Excellent advice on the way forward from super-lawyer Larry Lessig.
I became a lawyer because of a story told to me about Watergate, by my uncle, Richard Cates. Cates was a lawyer from Madison. When the House started investigating Nixon, he was hired to be counsel to the House Committee on Impeachment. His job was to put together the facts supporting a case against Nixon, and convince the members of the House that those facts merited impeachment. (Working for him, just out of law school: Hillary Clinton.)
In Code and other Laws of Cyberspace, I described how he described to me the job of being a lawyer:
It is what a lawyer does, what a good lawyer does, that makes this system work. It is not the bluffing, or the outrage , or the strategies and tactics. It is something much simpler than that. What a good lawyer does is tell a story that persuades. Not by hiding the truth or exciting the emotion , but using reason, through a story, to persuade. When it works, it does something to the people who experience this persuasion. Some, for the first time in their lives, see power constrained by reason. Not by votes, not by wealth, not by who someone knows?—?but by an argument that persuades. This is the magic of our system, however rare the miracles may be.

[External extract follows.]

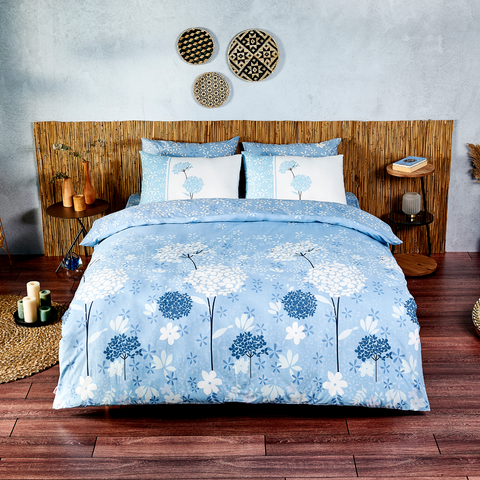 Hobby Rixos Mavi - Ranforce Double Duvet Cover Set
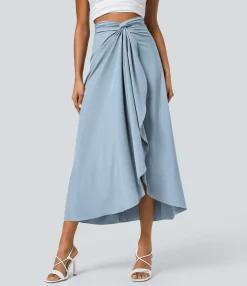 Maxi & Midi Skirts|Flowy Skirts<HALARA Breezeful™ High Waisted Wrapped Tie Back Quick Dry Skirt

But the part of the story he told me then that I didn’t describe there connects directly with the constitutional crisis that is brewing within America just now. Because the real magic that my uncle described to me was the effect that this work done well had on politicians. Even he was almost moved by the seriousness with which both sides considered the impeachment. There was no politics, at least as he saw it. At least with him, Democrats weren’t grandstanding and Republicans weren’t flinching from the facts they were being shown. They knew that they were engaged in the most serious job a member of Congress could have?—?because they knew that in a critical sense, the very stability of the Republic depended on them behaving as adults.